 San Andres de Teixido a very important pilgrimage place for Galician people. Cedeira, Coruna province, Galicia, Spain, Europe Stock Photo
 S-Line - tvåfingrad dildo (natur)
◇ ◇ ◇
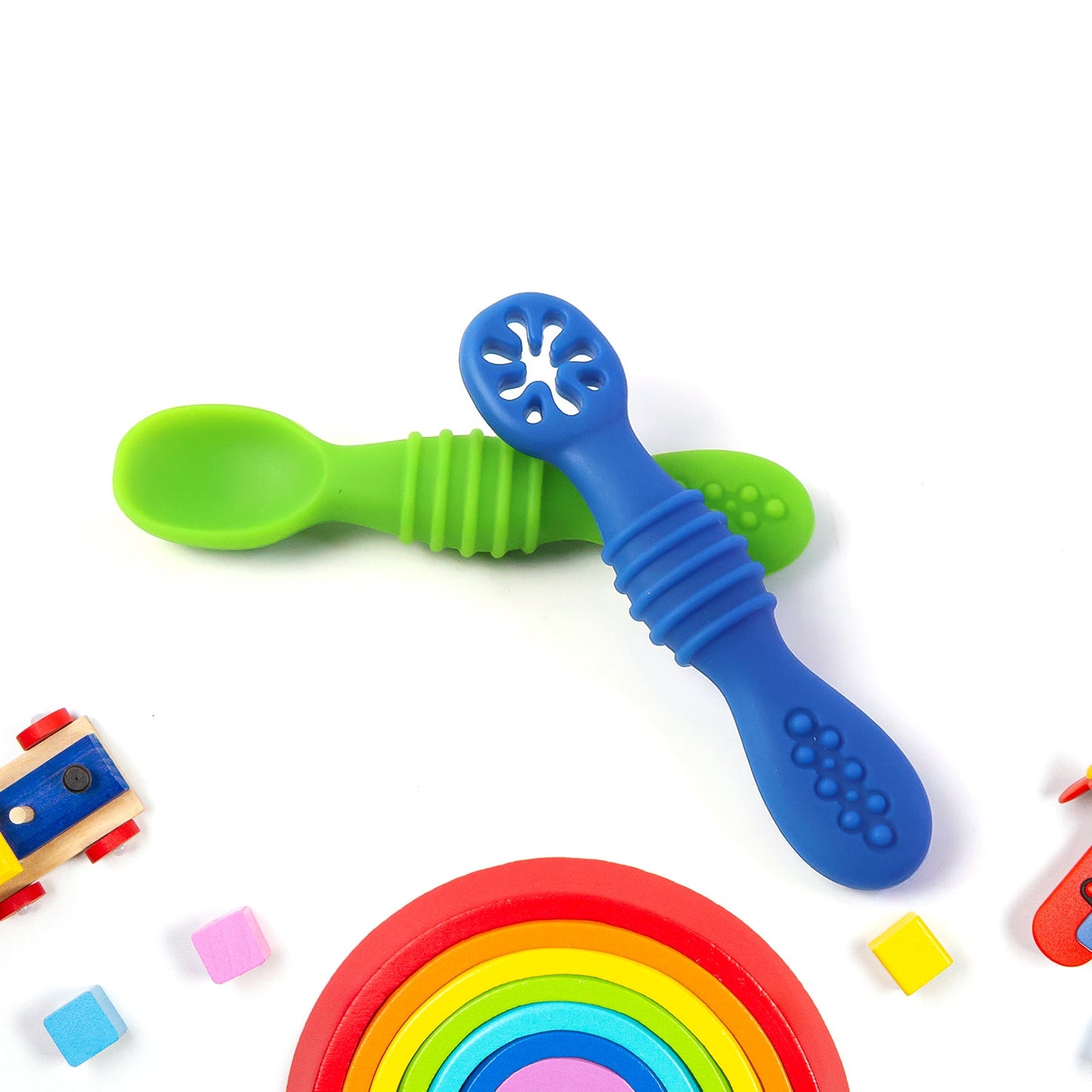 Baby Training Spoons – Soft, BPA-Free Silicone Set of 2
◇ ◇ ◇
**What is expected**
When you reach the line containing "San Andres de" in the data above, start copying exactly, and stop after the line containing "S-Line - tvåfingrad dildo (natur)".

**Exercise response**
 San Andres de Teixido a very important pilgrimage place for Galician people. Cedeira, Coruna province, Galicia, Spain, Europe Stock Photo
 S-Line - tvåfingrad dildo (natur)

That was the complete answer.